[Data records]
********

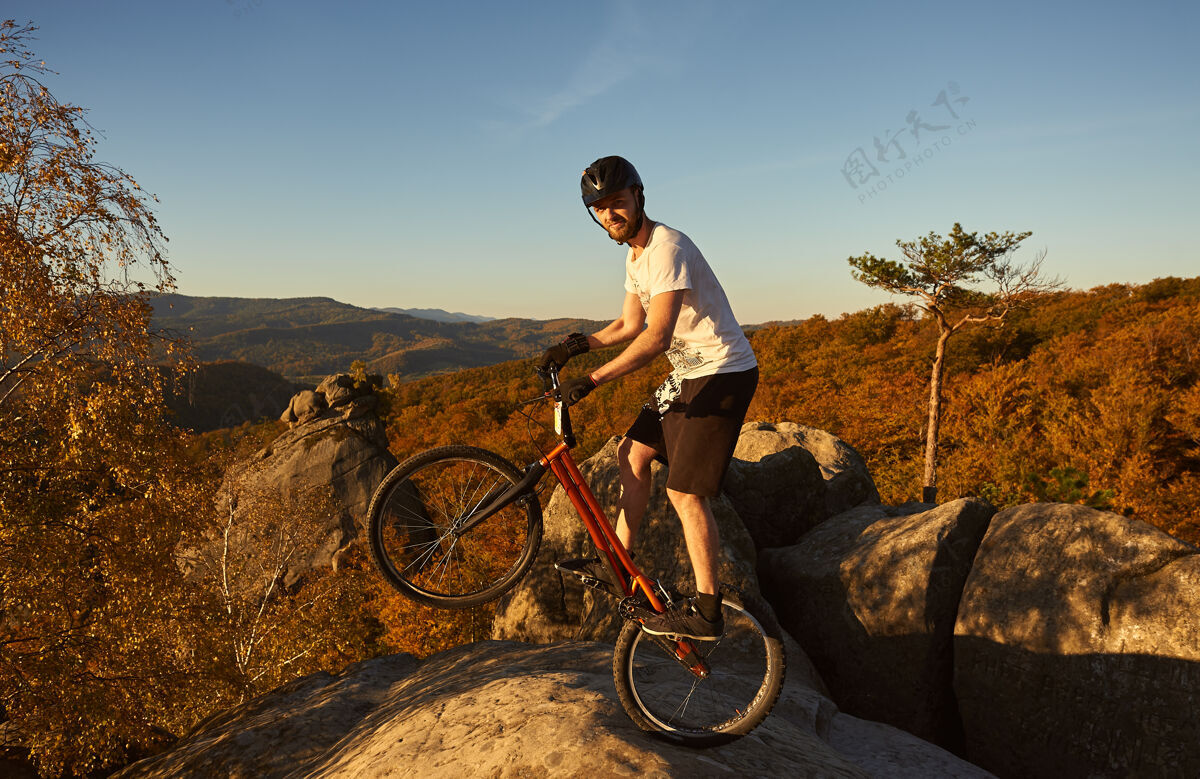 骑手在日落时分 职业自行车手在试骑自行车上保持平衡站立危险活动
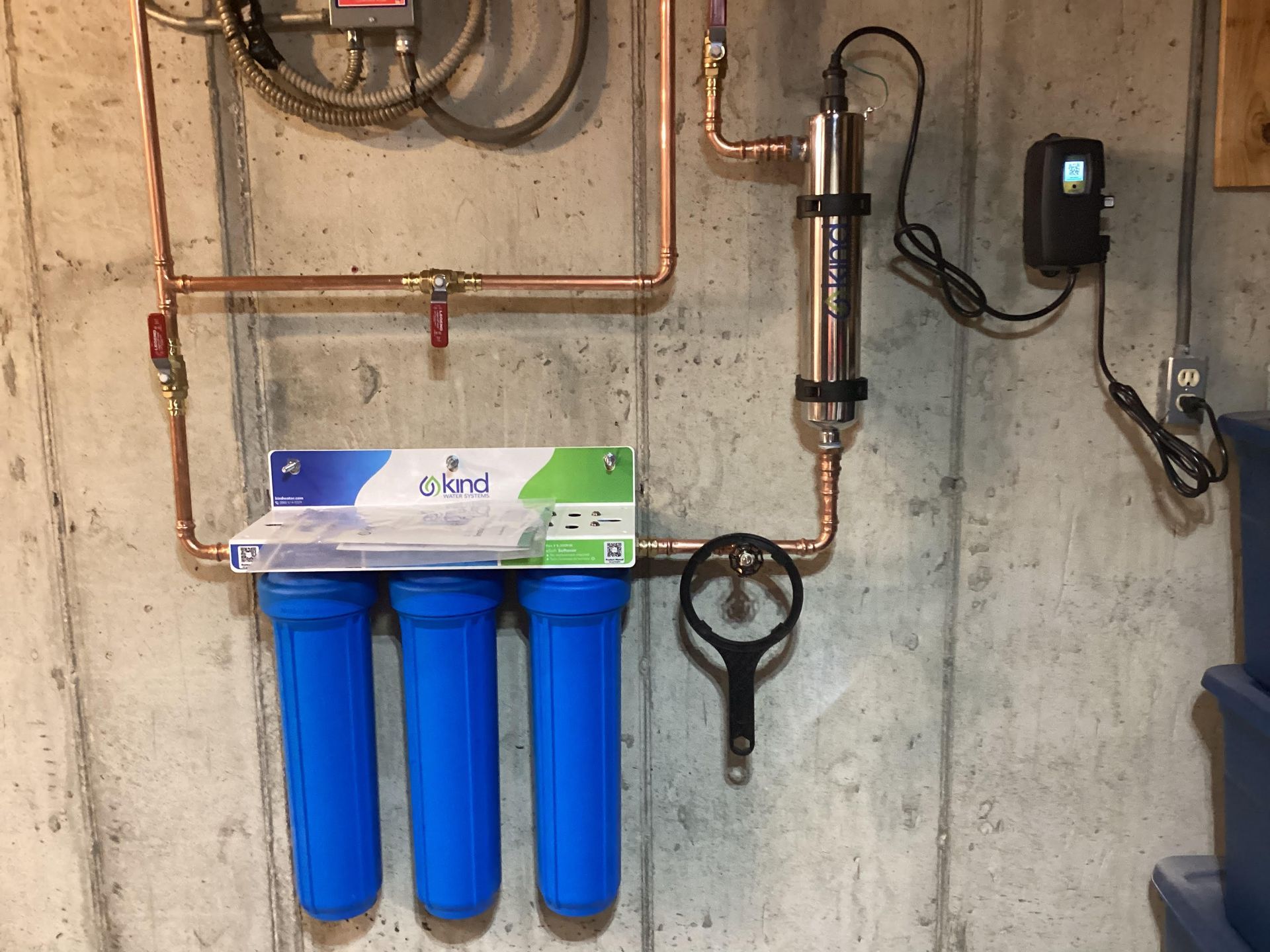 Water filtration system with blue filters, copper pipes, and a UV sterilizer installed on a concrete wall.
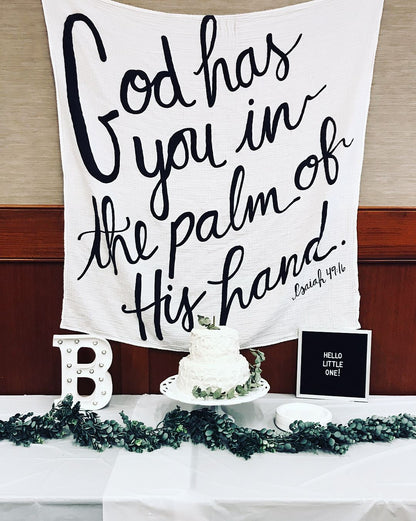 Isaiah 49:16 organic cotton muslin swaddle in a nursery setting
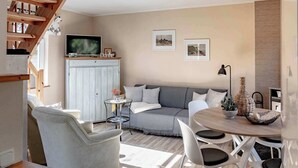 Una sala de estar con sofá, sillas, mesa de comedor, televisor y obras de arte en la pared.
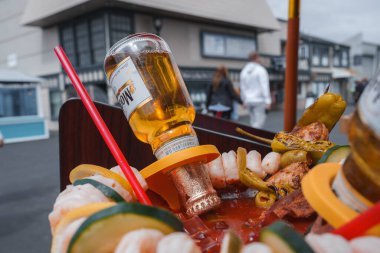 Şiş karides, sebze ve sos ile renkli yemek tabağı, bir şişe bal renkli alkol, ve arka planda geleneksel bina ile açık hava seti.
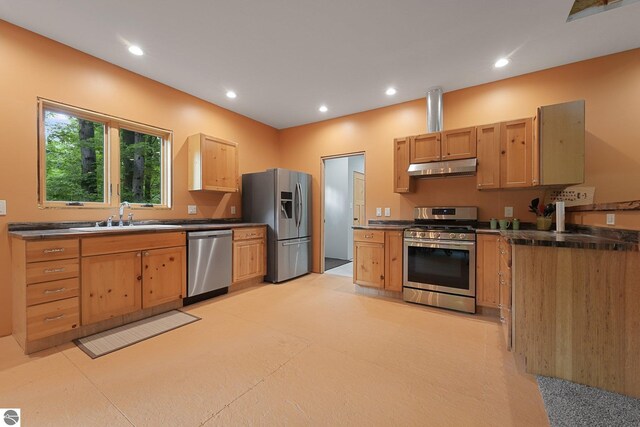 1849 W 24th Rd, Boon, MI 49618 - kitchen featuring appliances with stainless steel finishes, under cabinet range hood, dark countertops, and recessed lighting
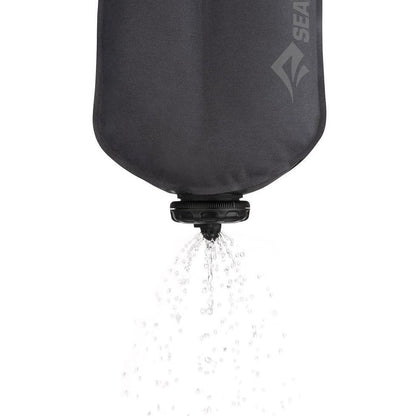 A charcoal Sea To Summit Watercell X hydration bladder pouring water against a white background.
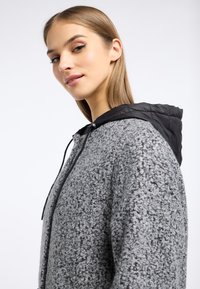 Grijze, textuur-achtige hoodie met een zwarte gewatteerde capuchon. Voorzien van een rits en verstelbare trekkoorden. Zacht en comfortabel materiaal.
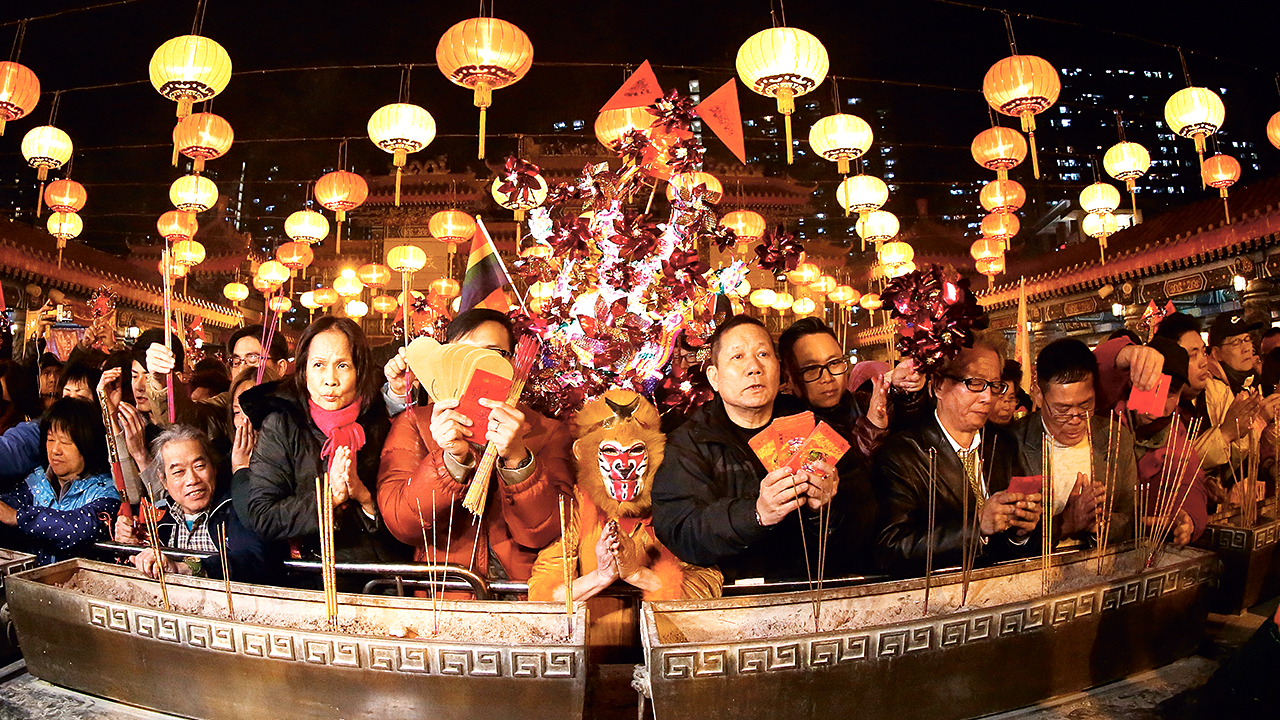 Worshippers including ex-actress Lana Wong Hai-wai (centre) dressed in monkey costume offer the first incense at Wong Tai Sin Temple on Lunar New Year's Eve. 07FEB16 SCMP/Nora Tam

********

(Problem to work on): From the records above, return exactly the lines running from the one that contains "A charcoal Sea" down to the one that contains "Grijze, textuur-achtige hoodie", both included, without any pictures.

(Finished exercise):
 A charcoal Sea To Summit Watercell X hydration bladder pouring water against a white background.
 Grijze, textuur-achtige hoodie met een zwarte gewatteerde capuchon. Voorzien van een rits en verstelbare trekkoorden. Zacht en comfortabel materiaal.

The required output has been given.